Cervix cancer manifests itself with cell level defects and progresses into invasive cancer within 10-20 years. In other words, there is precancerous period. This period is defined as cervical intraepithelial neoplasia (CIN) or squamous intraepithelial lesion (SIL). These cell changes recover on their own in time in most of the women or turn into cancer. It is possible to prevent cervical cancer before it starts by the simple surgical removal of the areas where cell defects identified with the Pap tests are present.
Cervix cancer is seen among women aged between 35 and 55. Precancerous lesions can be detected at all ages and they manifest themselves as cervix cancer between the ages of 40-50. Therefore, it is necessary to perform scanning test regularly in sexually active women after the age of 18 until 60-65. A virus called Human Papilloma Virus (HPV), which is transmitted sexually, is detected in all women with cervical cancer.
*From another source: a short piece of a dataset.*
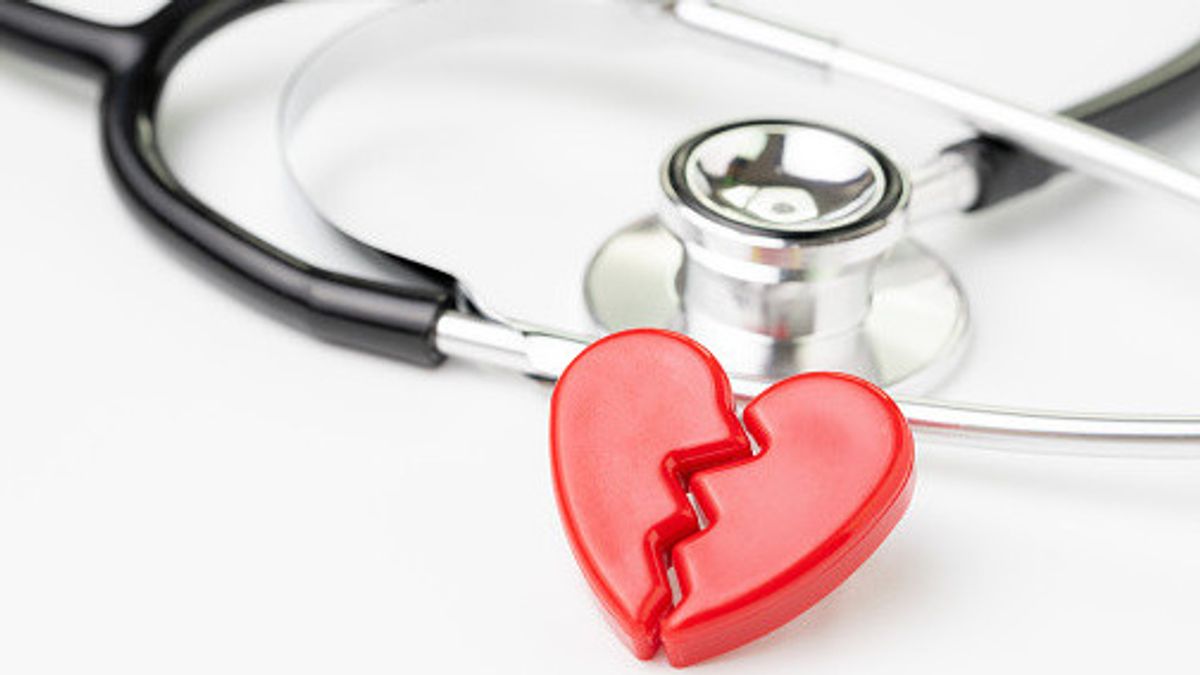 Mengenal <i>Broken Heart Syndrome</i>, Penyakit Jantung yang Dipicu Stres Fisik dan Emosional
HPV results in cervical cancer, external genital organ, anal and throat cancer, and the warts that emerge in the external genital organs. The same problems arise in men following the virus infection.
It does not necessarily mean that everyone who carries HPV virus will contract cervical cancer. There are some risk factors that cause cancer development in an individual. Carrying these risk factors does not necessarily mean contracting cancer; however, these people should be closely followed. The major risk factor is encountering high risk HPV types. All men and women can transmit this virus to each other since this virus is sexually transmitted. 80% of the women encounter this virus in some parts of their lives but they are not able to notice it as a complaint. Cervical cancer develops only in 1-3 out of 100 women who encountered this virus. The finding of carrying the virus that can be a patient compliant is the genital warts called as condyloma caused by the same virus. However, the absence of these warts does not indicate that the person does not carry HPV. Therefore, it is important to scan the cell defects with Pap test. This test is able to identify HPV type. There are more than 100 HPV types, and 70-80% of the cervical cancer cases are caused by type 16 and 18. Type 6 and 11 are responsible for the 90% of the genital warts. It is important to closely follow and treat the people who carry the high risk virus types in terms of preventing the cancer development. It is possible to provide protection against this virus with the vaccines developed for these types. There are 2 types of vaccines in the world. These include quadrivalent vaccine for HPV type 6,11,16,18 and bivalent vaccine for HPV type 16-18. These vaccines provide 100% protection against the virus types they contain.
Similar to some contagious diseases, those who contracted HPV infection cannot acquire natural immunity and cannot be protected against the other HPV disease. Protection can be achieved by vaccination. If precancerous lesions developed with HPV 16-18, these vaccines cannot treat the person. That is to say that the vaccines are not operative but protective.
Apart from being infected with high risk HPV types, the risk factors of the cervical cancer include:
- Engaging in sexual contact at early ages, having many sexual partners, not being protected during sexual intercourse. Majority of the HPV carriers cannot notice that they carry this virus since there is no apparent finding before cancer develops. Therefore, the only and certain way to be protected from HPV is abstaining from sexual intercourse with risky people.
- Smoking increases the risk.
- HIV and chlamydia infection increase the risk.
- Mother’s or sister’s being diagnosed with the cervical cancer.
- Not performing regular Pap test.
- Low socio-economical level, nutrition deprived of vegetables-fruits.
- Using contraception pills more than 5 years.
- Giving birth frequently.
Cervical cancer can be prevented
It is one of the most preventable cancer types since the risk factors of this cancer can be controlled by the person, scanning test is available and protection with vaccination is possible. Regular pelvic examination and Pap scanning test should be performed. Smoking should be quit, care must be taken to genital hygiene, condoms should be used during sexual intercourse and sexual intercourse with risky people should be avoided.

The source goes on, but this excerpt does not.